Ini berbagi salah satu aspek tersebut – pengulangan info yang sudah dimiliki penonton – dengan kisah Ghost Stories Kashyap, yang tampaknya tidak mempercayai audiens untuk mengikutinya, mengecewakan pembuat film yang biasanya terkait dengan mendorong batas-batas. Berada di apa yang terasa seperti Inggris tahun 90-an dengan tampilan sangat desaturated yang berbatasan dengan monokrom, berpusat pada paranoid, wanita hamil (Sobhita Dhulipala) yang mengasuh almarhum anak perempuannya, Ansh (Zachary Braz). Ditulis oleh asisten sutradara Sacred Games, Isha Luthra, drama ini mementaskan drama dengan serangkaian mimpi buruk dan kilas balik, tetapi belokan ke kiri menuju goriness ketika karakter yang terkunci masih terasa belum diterima. Itu kehilangan satu atau dua bagian.
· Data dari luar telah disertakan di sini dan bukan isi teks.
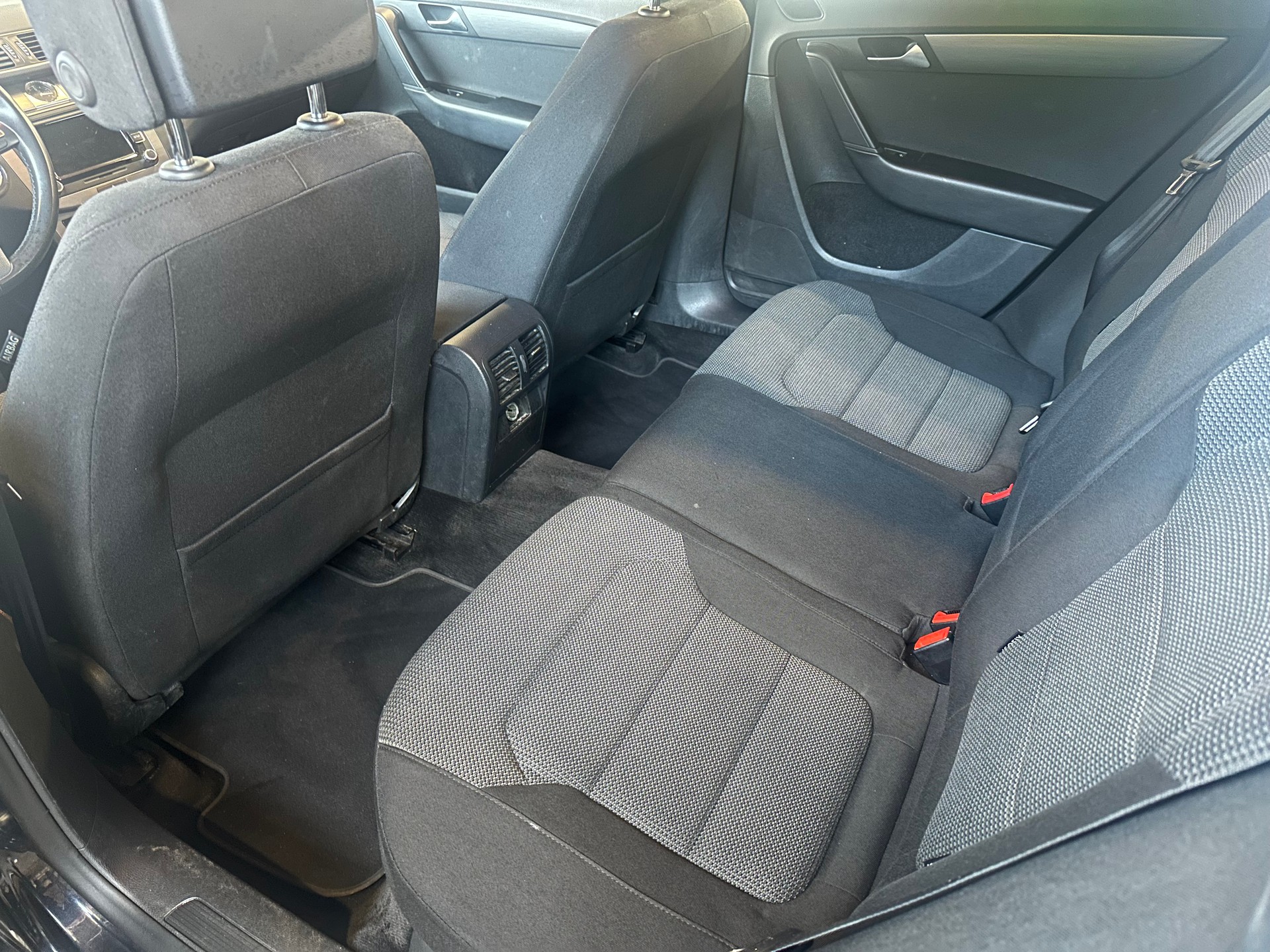 VW Passat Variant 2.0 TDI BMT Comfortline DSG-image-13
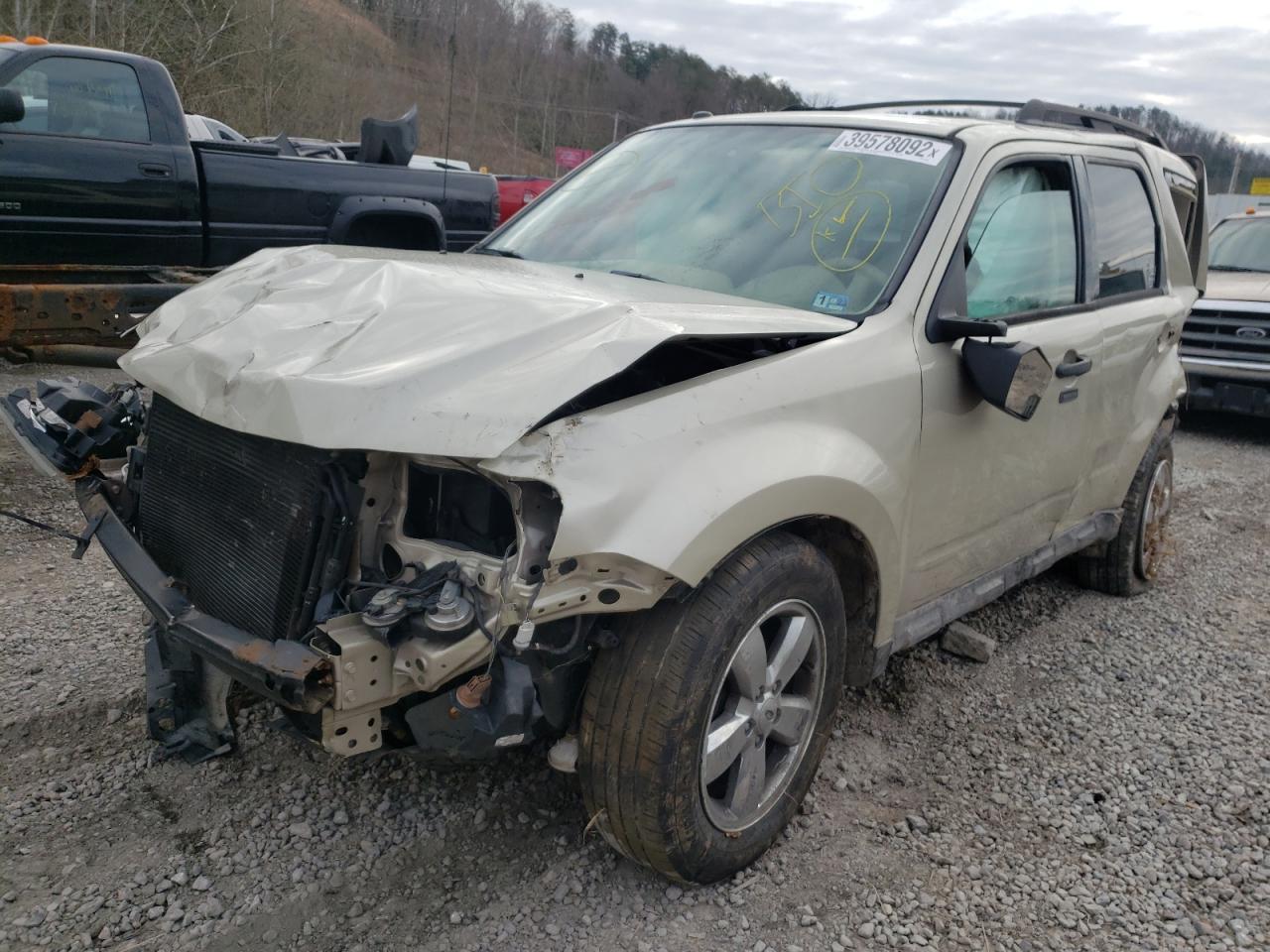 Photo 2 from auction – 2012 FORD ESCAPE XLT with VIN 1FMCU0D7XCKA47825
Sobhita Dhulipala dalam Ghost Story
Kredit Foto: Netflix

Untungnya, bukan itu yang terjadi dengan film Ghost Stories Banerjee – ia juga menulisnya – yang memadukan komentar kelas dan elemen-elemen horor arus utama dalam paket kemenangan. Dia juga satu-satunya yang mencoba dan berhasil dengan humor. Sinematografer Ranjan Palit (Pataakha) membangkitkan orang Barat dan meminjam dari Hitchcock. Ini mengikuti seorang lelaki (Sukant Goel) yang tiba di sebuah desa untuk menemukannya kosong, menabung untuk seorang anak laki-laki (Aditya Shetty) dan seorang gadis (Eva Ameet Pardeshi). Dia diberitahu bahwa semua orang telah dimakan. Film ini penuh dengan metafora yang brilian untuk penyakit sosial ekonomi saat ini, lebih-lebih di India yang terpecah, dengan Banerjee tidak pernah melepaskan apa yang ingin dia katakan. Masalahnya sendiri, kadang-kadang, adalah eksposisi yang salah.
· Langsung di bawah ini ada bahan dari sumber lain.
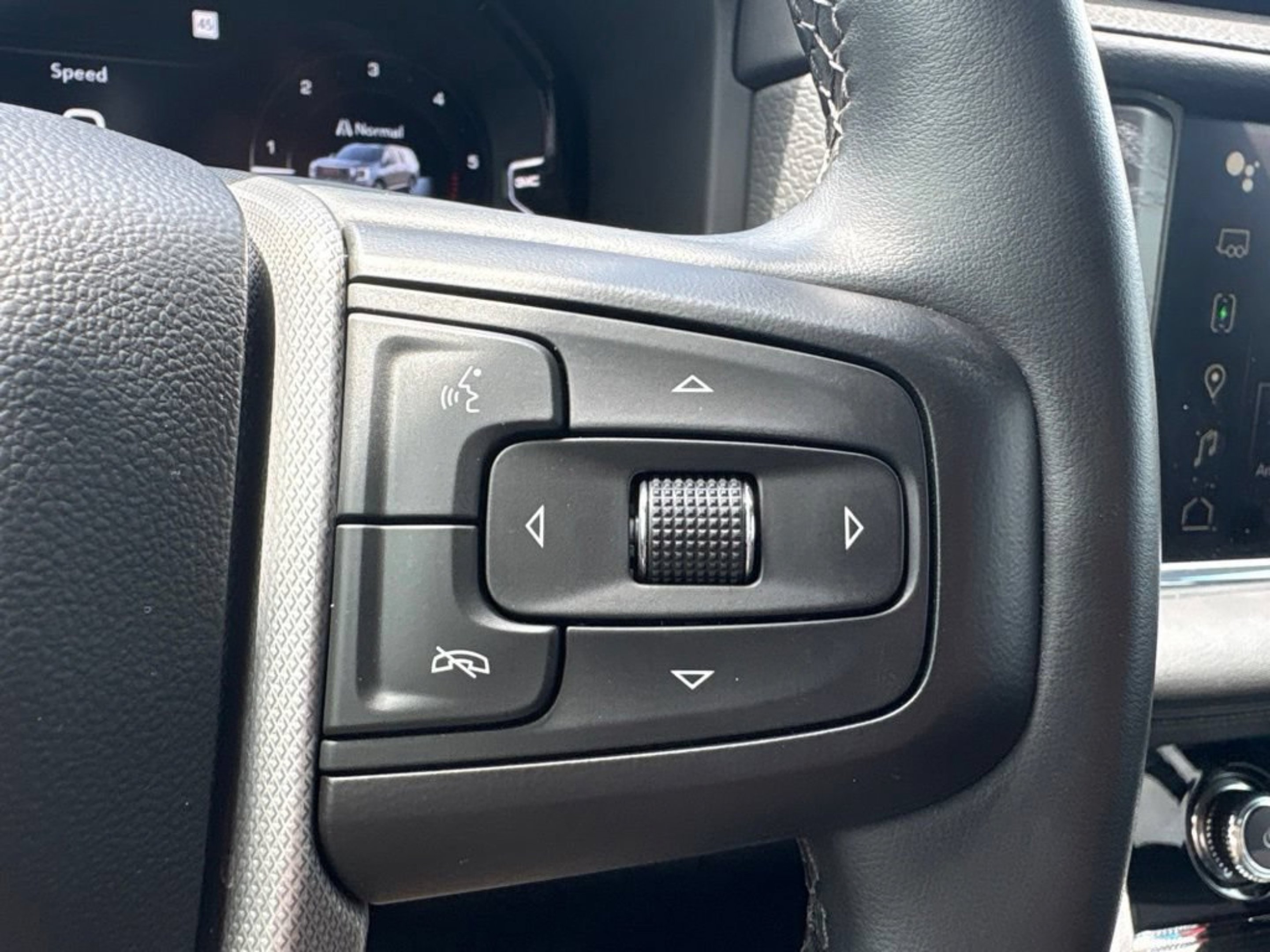 Used 2023 Sterling Metallic GMC Denali image 13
Seperti yang Anda tahu, Banerjee adalah satu-satunya di antara empat yang berusaha menjadi politis. Kisah horor sosialnya memanas dalam keburukan kasta, korupsi, dan amoralitas, dan secara langsung menyentuh erosi kota-kota kecil karena penyebaran urbanisasi. (Segmen Cerita Hantu-Nya adalah salah satu dari dua yang melibatkan monster.) Tiga lainnya senang bekerja dengan cerita-cerita horor pribadi yang menyentuh ketakutan internal. Meskipun itu sama validnya dengan latihan, semuanya muncul dengan satu atau lain cara. Ide-ide Kashyap terkubur terlalu dalam di film ini, dan meskipun Akhtar membiarkan dirinya terbuka untuk interpretasi, itu tidak memberi Anda imbalan atas pemikirannya. Sementara itu, Johar tidak memiliki apa-apa untuk ditawarkan.

Tapi yang paling aneh bukan isinya, itu kemasannya. Tidak ada alasan mengapa keempat kisah itu ada sebagai film antologi. Tidak seperti dua yang sebelumnya, Ghost Stories tidak dirancang untuk layar lebar, di mana audiens harus melihatnya dalam sekali jalan. Sebaliknya, ini dibuat khusus untuk Netflix. Mengapa tidak membaginya menjadi miniseri empat bagian, ketika ada standalone dan dapat dilihat seperti itu? (Tentu, ada motif yang tidak disengaja dalam gagak, tetapi mereka dangkal di sebagian besar entri.) Tidak ada argumen yang meyakinkan untuk itu tidak demikian. Meskipun itu akan menjadi masalah kecil ketika bagian dalamnya tidak terlalu istimewa.

Cerita Hantu mengalir di Netflix di seluruh dunia.